- Donald Trump's campaign released a statement Thursday saying Barack Obama was born in the US
- Campaign senior adviser Boris Epshteyn told CNN Friday that it's up to Trump if he wants to talk about it himself
"Since the statement (issued Thursday night), he has not been asked the question." Epshteyn said on "New Day."
Cuomo followed up, "Are you advising him to say that the birther stuff is bunk, don't believe it?"
"That's his decision. He should do what's best for himself and the American people," Epshteyn said.
"Do you believe this is going to help you, not answering the question?" Cuomo asked.
Epshteyn responded by blaming the media for focusing too intensely on the issue.
"What's not going to help me is the media and the left driving this wedge issue and dividing Americans. We're uniting Americans."
"I'm dividing America?" Cuomo asked. "By your candidate refusing to answer an issue which is central to whether or not he thinks the president is legitimate?"
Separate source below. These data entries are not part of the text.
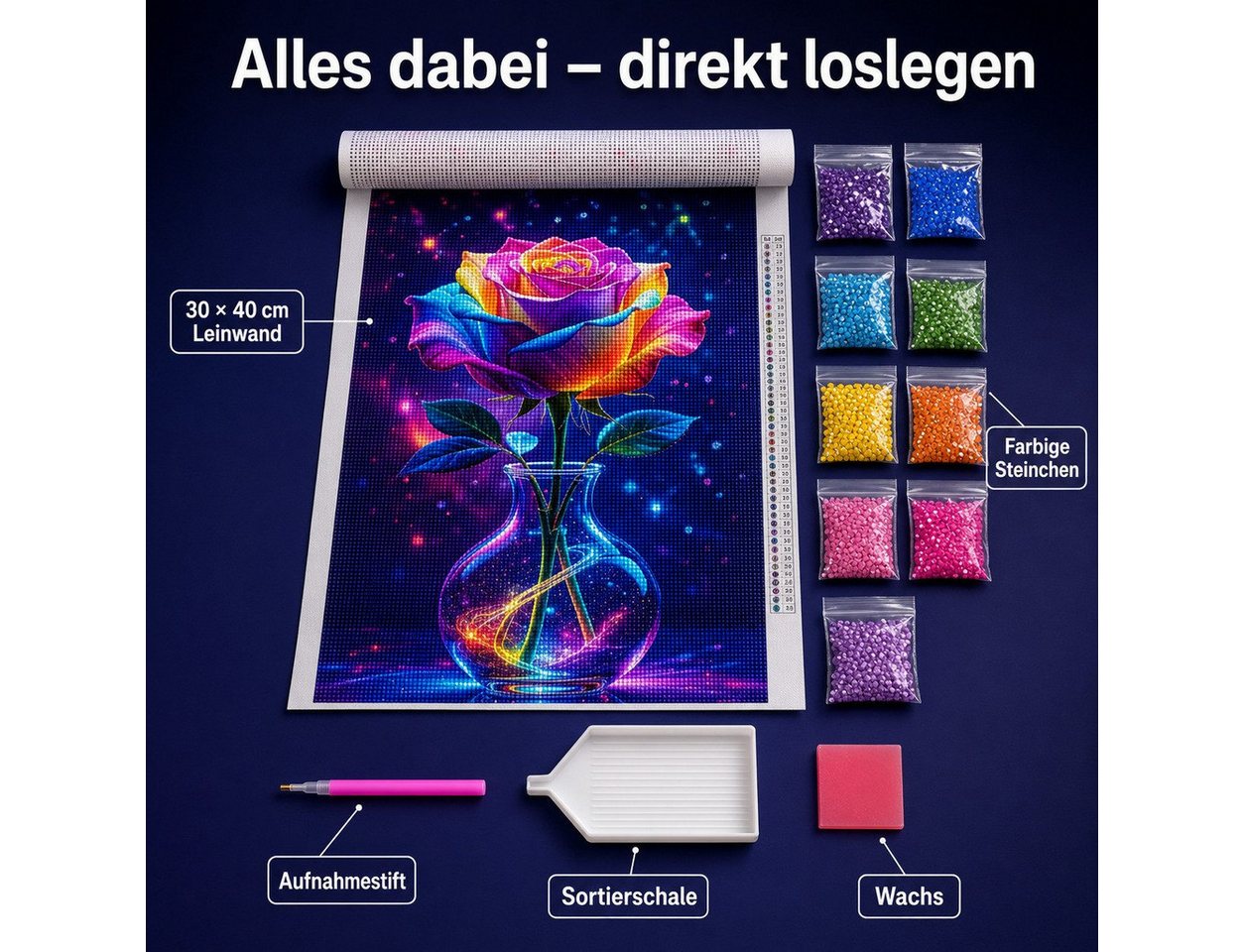 Rötting Design Malen nach Zahlen Diamond Painting Set 5D DIY - Blumen Motive Bastelsets (Komplett-Set), Diamond Painting Vollbild, Vollständiges Zubehörpaket Bild 4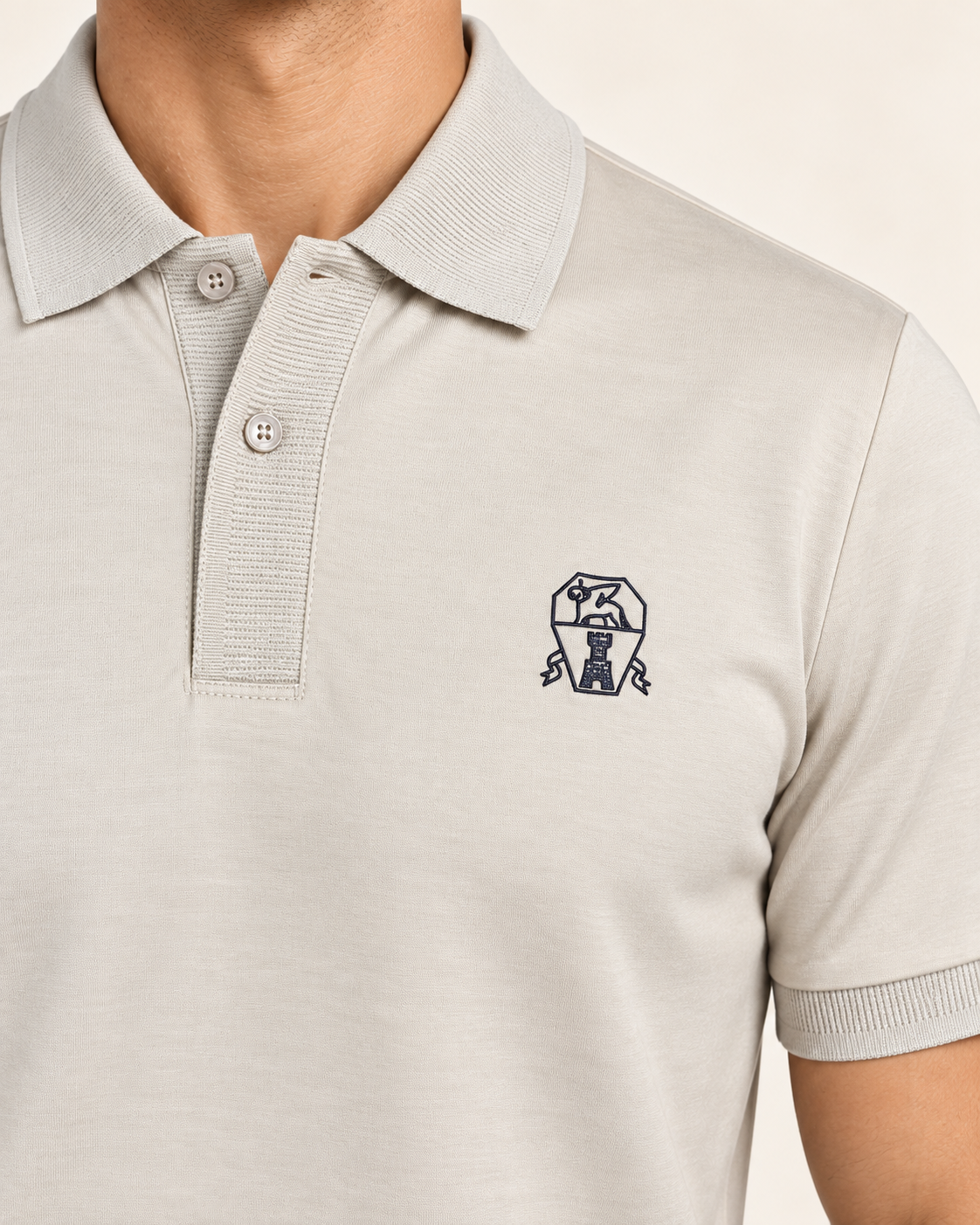 Cream Rib Trim Crest Polo - view 4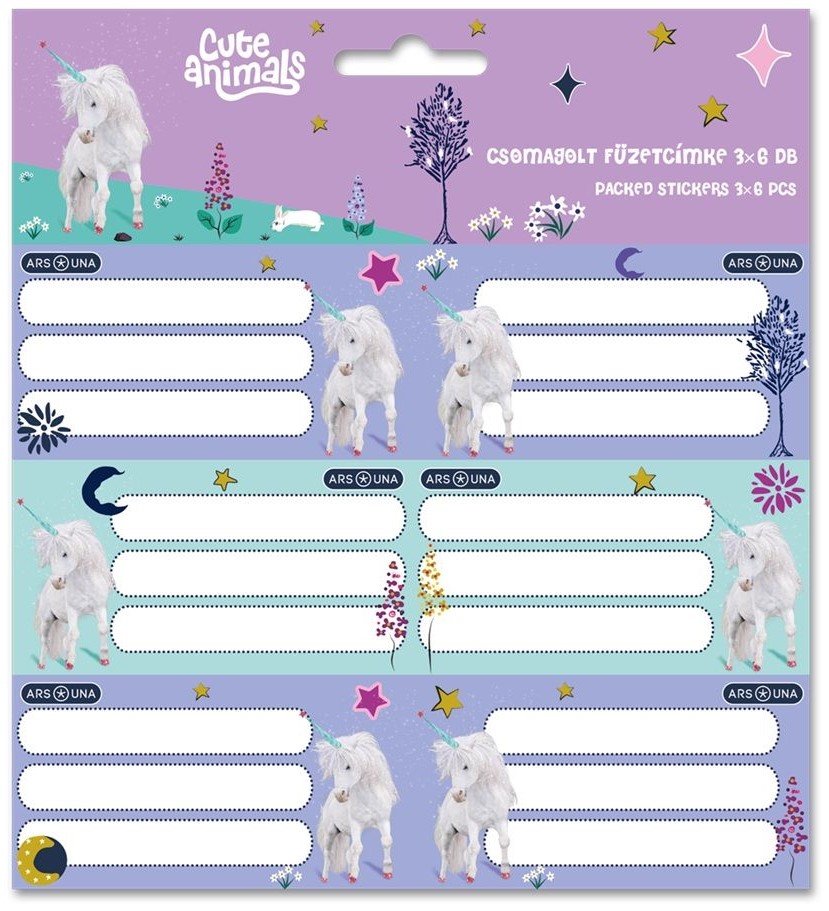Etichete școlare  Ars Una Cute Animals - Unicorn, 18 buc.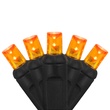 70 5mm Amber LED Halloween Lights, 4" Spacing, Black Wire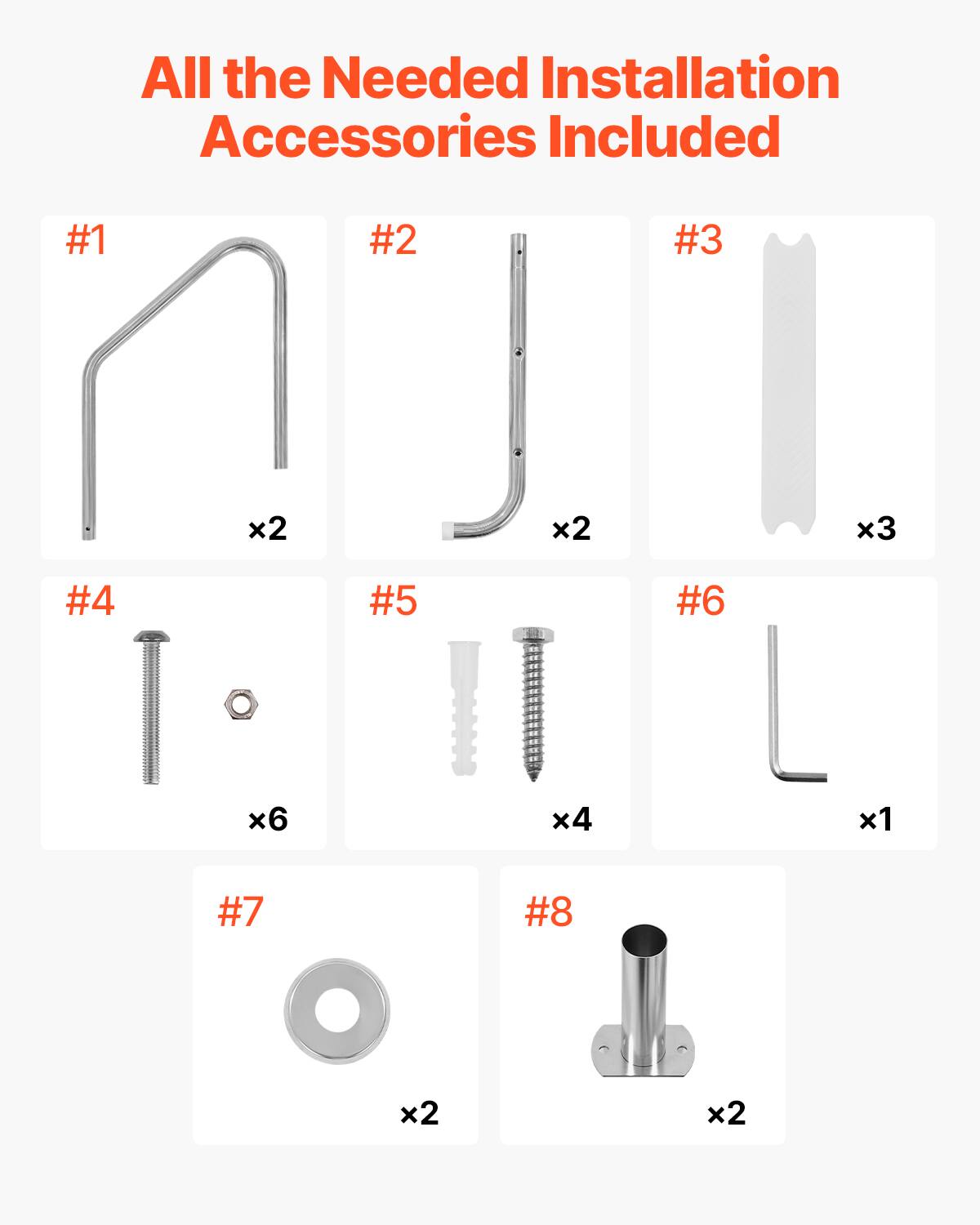 All the Needed Installation Accessories Included

#1 x2  
#2 x2  
#3 x3  
#4 x6  
#5 x4  
#6 x1  
#7 x2  
#8 x2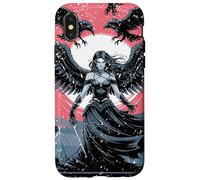 Custodia per iPhone X/XS Dea morrigana della guerra e del destino con corvi e ali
"Yes you are," Ephsteyn answered.
The Trump campaign released a statement from spokesman Jason Miller on Thursday evening saying the President was both in the United States, but Trump has not yet said it in his own words. Obama was born in Hawaii in 1961.
Whether Trump says anything himself could change Friday. People around the candidate are pushing him to say in his own words that Obama was born in the US, a source familiar with the situation told CNN's Dana Bash. The expectation is that Trump will likely do so Friday.